In der Völkischen Bewegung des Deutschen Kaiserreichs wurde die Kulturkritik an den Phänomenen der modernen Massengesellschaft regelmäßig in antisemitischer Gestalt formuliert. Sie fokussierte auf das neue Phänomen der Warenhäuser, die tatsächlilich größtenteil in jüdischer Hand waren und mit denen der Einzelhandel nur schwer konkurrieren konnte. Der Kapitalismus wurde mit einer angeblichen Weltverschwörung des „Finanzjudentums“ und mit dem antisemitischen Stereotyp des „Wucherers“ assoziiert, der „nordisch-germanischen Menschen“ wesensfremd sei.[17]

Nationalsozialismus

Ein Antikapitalismus mit deutlich antisemitischer Ausprägung findet sich im zentralen 25-Punkte-Programm der NSDAP. so traten sie vor allem in ihren Gründungsjahren für die Realisierung eines „nationalen Sozialismus“ ein, welcher jedoch strikt antimarxistisch gestaltet war. Auch Joseph Goebbels sah sich anfangs als überzeugter Sozialist und trat unter anderem gemeinsam mit den Brüdern Otto und Gregor Strasser in den Gründungsjahren der NSDAP für die Realisierung eines „völkisch-nationalen Sozialismus“ ein, wandte sich später jedoch von diesen Vorstellungen ab.[18] In einem Zeitungsartikel „Unser Sozialismus“ vom April 1931 definierte Goebbels als Kapitalismus „das Kapital, zum Schaden und Verhängnis des Volkes zu mißbrauchen“, ohne dass der Staat und die verantwortlichen Parteien dagegen einschreiten.
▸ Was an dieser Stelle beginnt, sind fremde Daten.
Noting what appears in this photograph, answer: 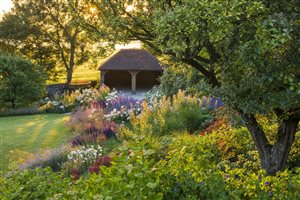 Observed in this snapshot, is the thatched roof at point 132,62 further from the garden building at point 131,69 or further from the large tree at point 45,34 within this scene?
the large tree at point 45,34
Er schrieb: „Diesen Mißbrauch nennen wir Kapitalismus, und ihn wollen wir als Idee mit all ihren macht- und wirtschaftspolitischen Folgerungen beseitigen.“[19] Joachim Petzold sieht darin „ideologische Verrenkungen“, um sich „antikapitalistisch zu drapieren und doch die Interessen des Kapitals zu vertreten“.[20] Für Adolf Hitler hingegen spielten antikapitalistische Ideen keine Rolle. Vielmehr suchte er nach einem Ausgleich mit bürgerlichen und konservativen Kräften und trat in entschiedene Opposition zum antikapitalistischen Lager.[21] Er propagierte eine Ideologie, gemäß der die sozioökonomischen Probleme seiner Zeit vorwiegend durch Gewinnung von Lebensraum (im Osten) und die Auslöschung der Juden gelöst werden könnten. Schon bald im Laufe der 1920er Jahre setzte sich Hitler in den parteiinternen Richtungsstreitigkeiten durch.[22] Der antikapitalistisch gesinnte Flügel der NSDAP spielte allmählich keine größere Rolle mehr. Er wurde schließlich nach der von der NS-Führung initiierten Säuberungswelle 1934 endgültig bedeutungslos. Auch im NS-Staat spielten antikapitalistische Überlegungen keine besondere Rolle mehr.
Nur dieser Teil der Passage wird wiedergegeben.